FORT WORTH, Texas – A race that many drivers expected to be relatively mundane turned into a high-speed thrill ride at the recently-reconfigured Texas Motor Speedway, with Will Power surviving the Saturday night chaos for his second Verizon IndyCar Series win of the year.
Power dominated the 1.5-mile quad-oval, leading 180 of 248 laps in the RainGuard Water Sealers 600, but it was an eight-car accident – in combination with a spate of tire blistering issues – that set up the night’s thrilling run to the finish.
On lap 152, Mikhail Aleshin took James Hinchcliffe and Tony Kanaan three-wide down the backstretch, where Kanaan came up on Hinchcliffe and made contact with the Canadian’s sidepod.
The bump sent Hinchcliffe into Aleshin and eventually up towards the wall entering Turn 3, clogging the track as Tristan Vautier, Ed Jones, Ryan Hunter-Reay and others piled in with nowhere to go.
Following a red flag for cleanup, racing resumed with 89 laps left and saw a series of short sprints break out, after INDYCAR officials called for a series of competition cautions in the closing stages that included mandatory four-tire pit stops.
With a maximum of 30 laps allowed on the drivers’ Firestone tires, yellows and restarts meant that drivers could go all-out over the course of a run in order to gain track position and fight at the front.
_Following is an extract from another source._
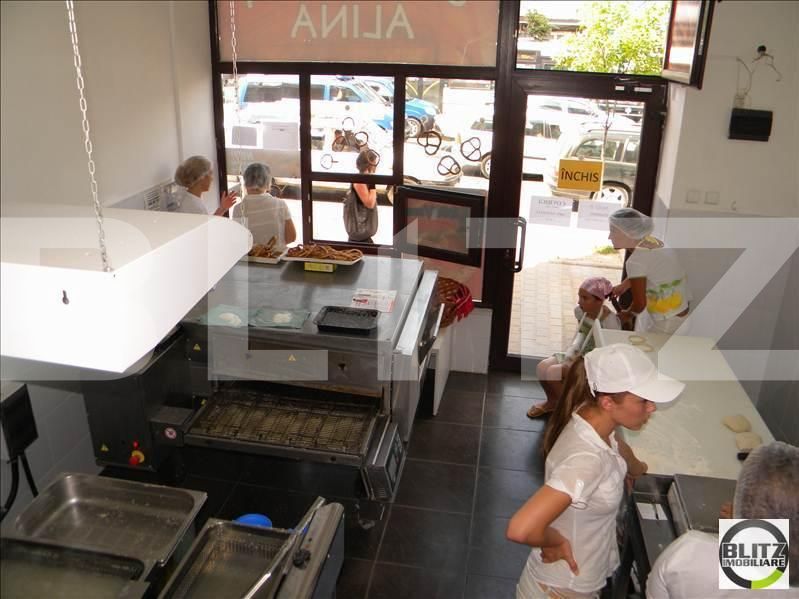 Spațiu comercial de închiriat Andrei Mureşanu - 21613SIC | BLITZ Cluj-Napoca | Poza4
A clean 30-lap run led to the first of two set cautions, with Power holding the lead cleanly over Penske teammate Simon Pagenaud through the course of the sprint.
Scott Dixon leapfrogged both Penske drivers during pit stops, going from third to first on the board, but could not hold the spot when the green flag returned with 51 to go. Power reassumed the lead, but three laps later Josef Newgarden got into the outside wall in Turn 4 after a three-wide move gone wrong, drawing the yellow again.
Racing resumed with 39 laps left, and this time it was Indy 500 champion Takuma Sato that was the man making moves. He steadily rose into contention over the 14 laps before the final competition caution, taking third from Pagenaud with 34 to go and seizing second from Dixon eight laps later.
Following the final round of stops, a 19-lap dash to the checkered flag was on tap, with Power out front over Dixon when the green flag waved. It took less than a lap for Dixon to challenge on the outside, and two more before he edged in front to lead the field for the first time under full racing conditions.
That set off a string of six lead changes in the next 10 laps, with Dixon and Power running virtually side-by-side around the entire 1.5-mile distance of the Texas Motor Speedway as the field packed up in formation behind them.
Sato was the man stuck in third for much of that closing stint, and he finally decided with five laps left that he had to make a move. Taking a look to Dixon’s inside coming through the quad-oval, Sato clipped the infield grass and got loose, shooting up into Dixon and sending both Hondas spinning to a halt as the field stormed towards Turn 1.
That drew the ninth and final caution flag of the night, forcing the race to end under caution and allowing Power to cross the line first, making a page of IndyCar history in the process.